株式を公開して得た資金をもとに事業を発展させるため、上場は企業にとってひとつの目標であるように思われていました。しかし、その資格があるにもかかわらず、あえて上場しないファミリービジネスも多くあります。その代表的な例がアメリカ、ウィスコンシン州のラシーンに本社がある、S.C.ジョンソン社です。日本では、カビキラーで有名な会社です。世界的にも数々の家庭用品で数々のリーディングブランドを展開しているメーカーで、世界70か国、社員1万2千人、グループの売り上げは、1兆2千億円を超える企業です。1886年に創業、120年以上継続している会社で、現在は創業から数えて五世代の人たちが経営しています。ジョンソン社がなぜ株式を公開しないのか、その理由を第四代のサム・ジョンソンは次のように語っています。※

「同族会社は、あるファミリーが主な株主であり、そのファミリーが健全な経営を行う限り、社員からの支持を得られます。ですから、長期的な展望に立った経営戦略に基づく経営を自由に行うことができるのです。」「したがって、ファミリーと社員株主は、たとえある時期経営が低迷したとしても、あるいは会社が将来の発展のために短期的な利益を犠牲にすることがあっても、安心して経営にあたれるのです。」

※『実務者からの提言 勝ち続けるファミリービジネスの条件』西川盛朗

「最大のリスク」となることも

一方、株式を公開したフランスの高級ブランドでファミリービジネスのエルメス社は、かつて数年間、高級ブランド世界最大手の仏モエヘネシー・ルイヴィトン(LVMH)に仕掛けられた株の買収に激しく抗戦しました。エルメスのオーナー家は、エルメスの歴史上、株式を公開したことが最大の失敗と考えているとのことです。
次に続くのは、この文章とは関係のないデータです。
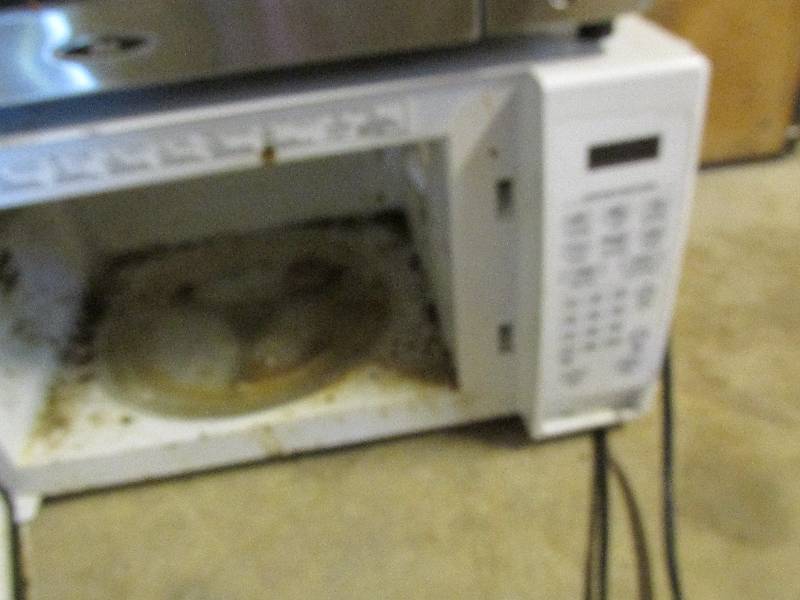 GE Microwave and Oster toaster oven...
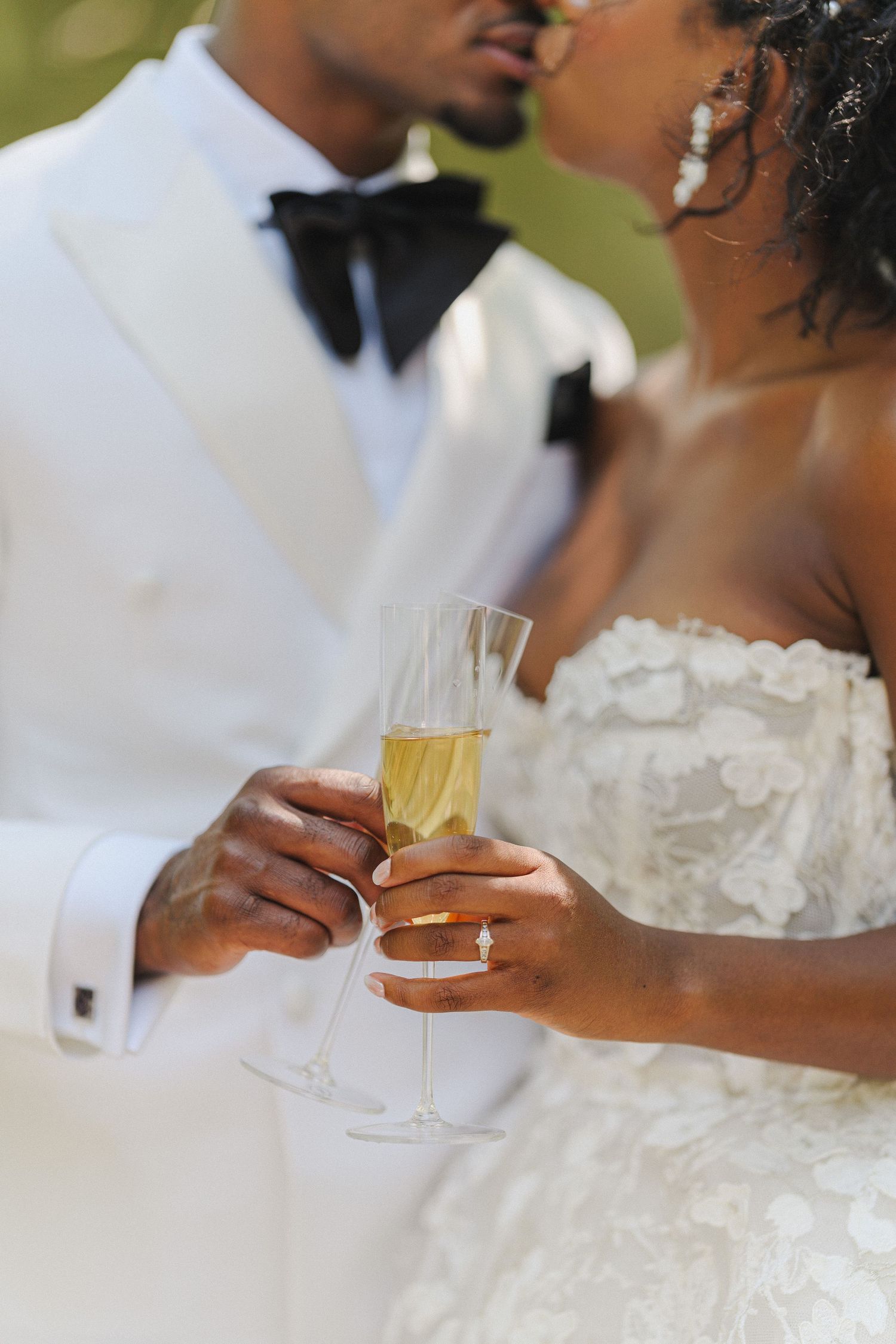 Close-up of champagne toast between newlyweds in formal attire.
成功したファミリービジネスにとって、上場によって相続税の原資を得ようとする選択肢もあります。しかし、その見返りとして創業家のリーダーシップがリスクにさらされるようでは、ファミリービジネスの敗北と言わざるを得ません。ファミリービジネスの株式公開に関しては、ファミリービジネスシステム全体にとってどのようなインパクトがあるかを熟慮する必要があるのです。